By Runa Lemminn
The line between free speech and hate speech is very thin, and not everyone has the same rights. These facts were just some of what was discussed at the Free Speech on Campus event, held on Nov. 8 at CSU, Bakersfield.
Throughout the evening, panelists dispelled some commonly held beliefs about what free speech is, and who is protected by the first amendment.
Panelists were all professors at CSUB, and included Drs. Jeanine Kraybill, Ivy Cargile, and Michael Burroughs.
The Dezember room was filled to capacity, with over 150 people in attendance. The audience had a large student base, but faculty, administration, and members of the general public were also in attendance.
Although some students went for the extra credit their professors had offered, some were very interested in the topic and had questions for the panel during the last half of the discussion.
Claudia Herrera, a junior psychology major, said she was curious to hear from the panel.
“I’m here for extra credit for my class, but also just to see what they have to say,” said Herrera.
Kraybill was the first to speak, and began by saying not everyone has the same rights.

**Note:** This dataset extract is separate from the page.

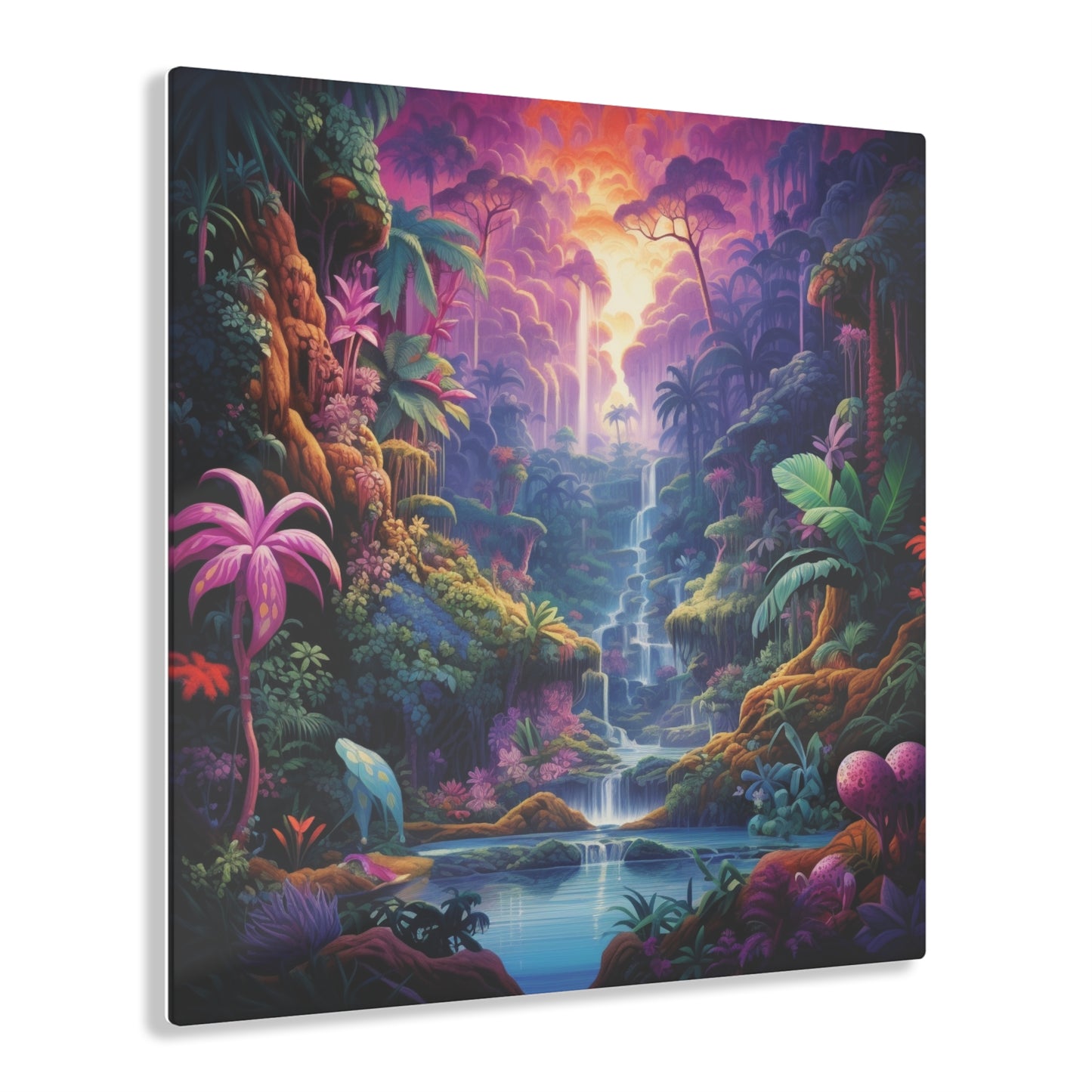 High Waterfall - Acrylic Prints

For example, speech rights can depend on being employed by the government.
“Free speech only restrains the government. The private sector is a completely different beast when it comes to freedom of speech and the protection that you have in the public forum,” said Kraybill.
While free speech and hate speech are protected by the First Amendment, fighting words are not.

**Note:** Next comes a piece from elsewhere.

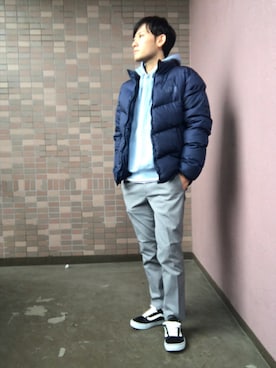 「Levi's（リーバイス）のアイテム（ダウンジャケット/コート）」を使った、☀︎Yonasan  さん（メンズ・167cm）の冬コーディネート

“Fighting words, which are lewd, obscene, profane, slanderous, and insulting, are, in fact, not protected,” said Cargile.
None of the professors on the panel advocated censorship of speech, despite how difficult it might be to hear.
Cargile said college students need to be prepared to go out into the real world, where there will be no choice about encountering many different opinions.
“Part of the college experience is in fact to be challenged, it is in fact to feel uncomfortable about what we’ve been taught and about what we believe,” said Cargile.
The second half of the event was opened up to comments and questions from the audience. One person said they felt it was important to ask: “what our purpose is,” when inviting a speaker to campus.
Another audience member mentioned the intimidation factor of having too much security seen at an event, which in turn might discourage an open dialog at the event.
All panelists said they wanted the discussions about free speech on campus to continue.
“We don’t want this to be an isolated conversation,” said Burroughs.